Task description: The answer must be every line of the records in which the string "Slip" appears.

Records drawn from a dataset:

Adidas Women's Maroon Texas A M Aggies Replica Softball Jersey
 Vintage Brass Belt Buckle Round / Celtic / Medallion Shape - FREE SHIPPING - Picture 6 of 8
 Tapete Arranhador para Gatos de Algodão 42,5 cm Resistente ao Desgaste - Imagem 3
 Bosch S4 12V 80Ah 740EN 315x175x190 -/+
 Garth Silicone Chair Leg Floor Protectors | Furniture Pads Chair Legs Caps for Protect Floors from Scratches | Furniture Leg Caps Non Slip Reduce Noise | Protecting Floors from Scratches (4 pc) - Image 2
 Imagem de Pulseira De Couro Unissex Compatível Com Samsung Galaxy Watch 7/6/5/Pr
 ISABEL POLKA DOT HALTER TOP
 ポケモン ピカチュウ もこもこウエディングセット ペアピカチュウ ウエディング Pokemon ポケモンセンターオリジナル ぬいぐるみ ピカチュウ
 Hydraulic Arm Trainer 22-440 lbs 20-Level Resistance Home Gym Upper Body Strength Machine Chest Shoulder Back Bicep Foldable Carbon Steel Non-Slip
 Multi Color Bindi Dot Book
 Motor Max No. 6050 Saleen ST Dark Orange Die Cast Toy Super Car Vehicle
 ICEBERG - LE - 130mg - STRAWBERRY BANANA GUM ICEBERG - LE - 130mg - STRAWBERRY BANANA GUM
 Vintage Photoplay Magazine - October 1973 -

Answer section:
 Garth Silicone Chair Leg Floor Protectors | Furniture Pads Chair Legs Caps for Protect Floors from Scratches | Furniture Leg Caps Non Slip Reduce Noise | Protecting Floors from Scratches (4 pc) - Image 2
 Hydraulic Arm Trainer 22-440 lbs 20-Level Resistance Home Gym Upper Body Strength Machine Chest Shoulder Back Bicep Foldable Carbon Steel Non-Slip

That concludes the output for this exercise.